L’intelligence artificielle, ce glouton énergétique

La puissance de calcul nécessaire pour entraîner et interagir avec des modèles d’intelligence artificielle, comme Chat GPT, a un impact non négligeable sur l’environnement à cause d’infrastructures informatiques énergivores.

Selon une étude, la mise à jour d’un simple modèle d’IA engendrerait une consommation d’énergie égale à 100 foyers américains sur un an.

Les risques environnementaux étaient au menu des discussions du premier sommet mondial de l’intelligence artificielle (IA), qui s’est achevé jeudi 2 novembre 2023. À raison, puisque la question du coût environnemental de l’IA se fait de plus en plus pressante. Les systèmes d’IA de grande envergure, comme ceux conçus pour comprendre et générer des réponses en langage naturel (à la Chat GPT), nécessitent une grande puissance de calcul. Et qui dit traitement intensif des données dit consommation énergétique importante.

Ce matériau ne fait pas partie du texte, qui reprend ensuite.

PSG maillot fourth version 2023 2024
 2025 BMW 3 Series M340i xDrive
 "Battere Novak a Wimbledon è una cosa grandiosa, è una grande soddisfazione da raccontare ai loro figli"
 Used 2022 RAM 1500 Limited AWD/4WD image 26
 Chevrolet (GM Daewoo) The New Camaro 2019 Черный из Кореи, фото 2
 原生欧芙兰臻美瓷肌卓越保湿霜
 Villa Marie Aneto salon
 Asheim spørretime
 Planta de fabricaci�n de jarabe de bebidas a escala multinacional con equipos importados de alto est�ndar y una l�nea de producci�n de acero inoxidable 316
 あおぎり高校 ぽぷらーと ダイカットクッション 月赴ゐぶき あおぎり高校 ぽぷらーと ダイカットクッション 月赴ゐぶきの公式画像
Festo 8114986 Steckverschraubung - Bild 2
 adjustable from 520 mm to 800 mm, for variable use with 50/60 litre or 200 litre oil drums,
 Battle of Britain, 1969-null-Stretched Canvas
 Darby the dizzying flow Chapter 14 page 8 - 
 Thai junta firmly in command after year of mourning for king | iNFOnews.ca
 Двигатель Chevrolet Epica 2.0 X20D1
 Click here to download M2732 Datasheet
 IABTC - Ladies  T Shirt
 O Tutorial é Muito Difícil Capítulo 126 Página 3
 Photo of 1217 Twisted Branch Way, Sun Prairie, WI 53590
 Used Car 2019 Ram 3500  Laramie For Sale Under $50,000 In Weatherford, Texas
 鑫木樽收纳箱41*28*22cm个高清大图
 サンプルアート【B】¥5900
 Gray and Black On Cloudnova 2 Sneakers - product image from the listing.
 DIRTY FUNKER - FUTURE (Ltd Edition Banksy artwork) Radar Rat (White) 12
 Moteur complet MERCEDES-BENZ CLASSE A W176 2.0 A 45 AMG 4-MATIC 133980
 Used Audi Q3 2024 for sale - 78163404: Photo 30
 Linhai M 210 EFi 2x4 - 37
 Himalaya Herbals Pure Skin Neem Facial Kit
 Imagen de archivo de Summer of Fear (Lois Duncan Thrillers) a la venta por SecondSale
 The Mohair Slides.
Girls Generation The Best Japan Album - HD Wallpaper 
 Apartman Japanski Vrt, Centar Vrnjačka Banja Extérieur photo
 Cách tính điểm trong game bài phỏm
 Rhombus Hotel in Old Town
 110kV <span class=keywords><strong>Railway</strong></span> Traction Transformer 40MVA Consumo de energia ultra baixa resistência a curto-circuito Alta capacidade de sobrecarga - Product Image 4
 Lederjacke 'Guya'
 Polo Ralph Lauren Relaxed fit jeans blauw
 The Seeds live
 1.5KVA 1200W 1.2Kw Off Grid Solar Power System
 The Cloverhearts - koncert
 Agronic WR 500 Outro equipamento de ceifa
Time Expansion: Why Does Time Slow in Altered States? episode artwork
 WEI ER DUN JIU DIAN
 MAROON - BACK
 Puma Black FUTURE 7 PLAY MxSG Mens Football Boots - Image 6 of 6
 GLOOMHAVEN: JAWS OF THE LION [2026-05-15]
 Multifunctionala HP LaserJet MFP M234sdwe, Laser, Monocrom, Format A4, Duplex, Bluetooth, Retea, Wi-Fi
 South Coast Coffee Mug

Des data centers gourmands en énergie

Pour fonctionner et offrir des informations sur une variété de sujets, la version gratuite de Chat GPT (modèle GPT-3,5) compte environ 175 milliards de paramètres. Ces paramètres sont appris lors de la phase d’entraînement du modèle, où celui-ci est exposé à de grandes quantités de documents pour analyser et comprendre le langage humain. Mais d’après un article publié en 2019 par une équipe de chercheurs du Massachussetts, ce type d’entraînement émettrait cinq fois plus de CO2 que le cycle de vie complet d’une voiture. Les récentes estimations de Bloomberg, relayées par Les Echos, montrent quant à elles que la mise à jour d’un simple modèle d’IA engendrerait une consommation d’énergie égale à 100 foyers américains sur un an.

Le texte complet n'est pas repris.